▶ _AVAILABLE DATA_:

= = = = = = =

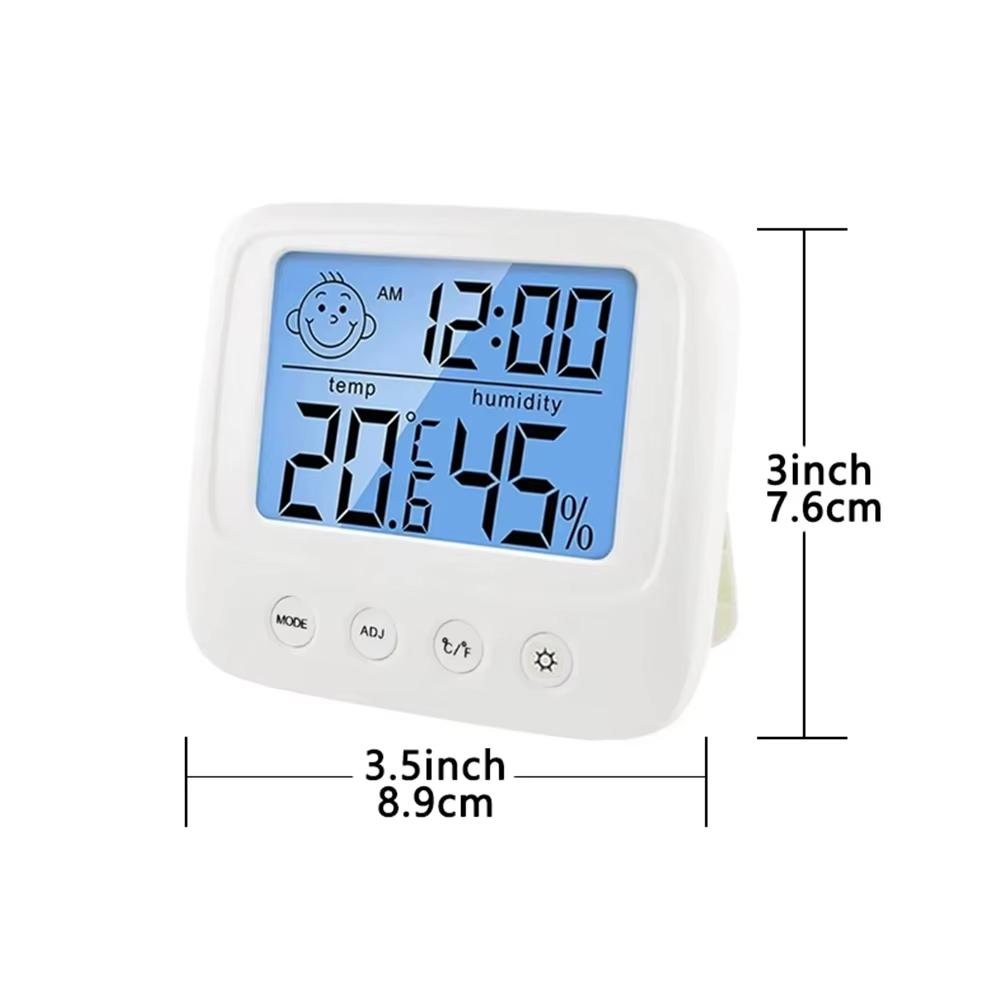 2026 New LCD digital indoor temperature hygrometer Backlight indoor electronic hygrometer thermometer weather station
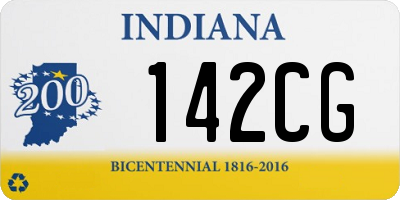 IN license plate 142CG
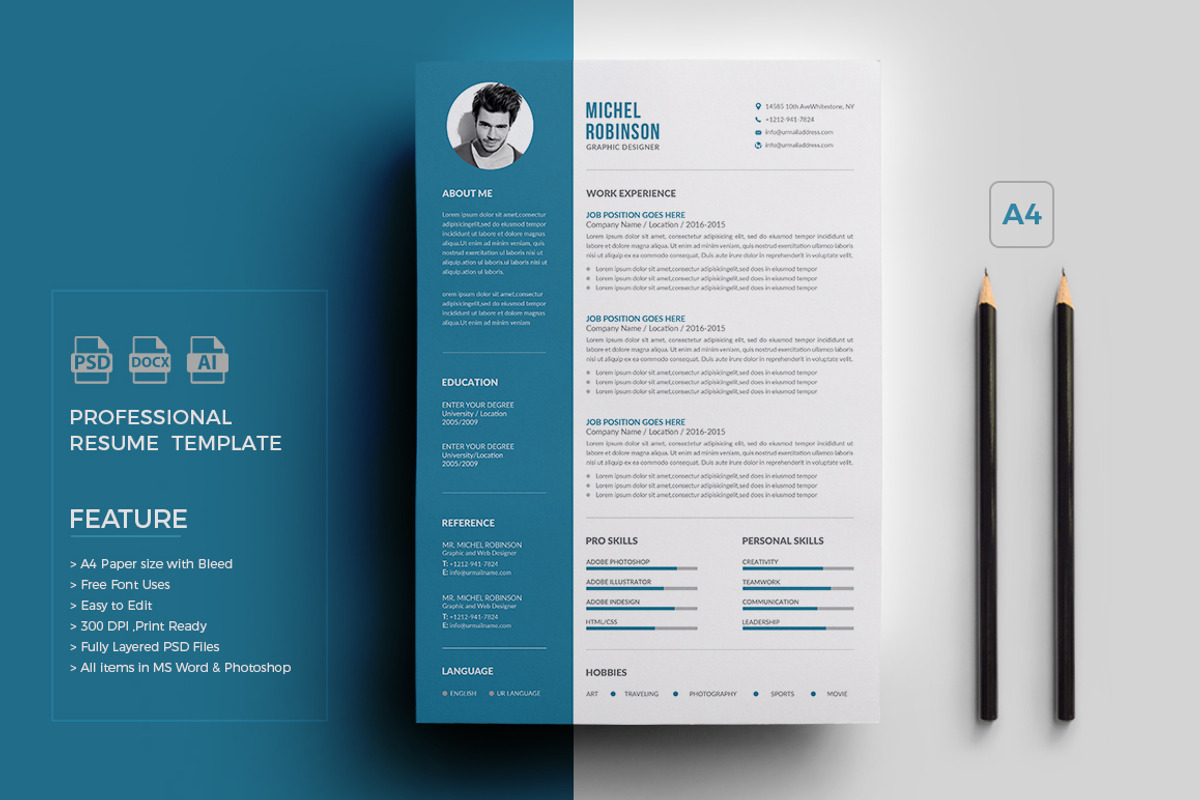Resume/CV, a Resume Template by deviserpark (Photo 3 of 4)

= = = = = = =

Write out the whole listing above exactly; do not include the pictures.

▶ _EXPECTED ANSWER_:
 2026 New LCD digital indoor temperature hygrometer Backlight indoor electronic hygrometer thermometer weather station
 IN license plate 142CG
Resume/CV, a Resume Template by deviserpark (Photo 3 of 4)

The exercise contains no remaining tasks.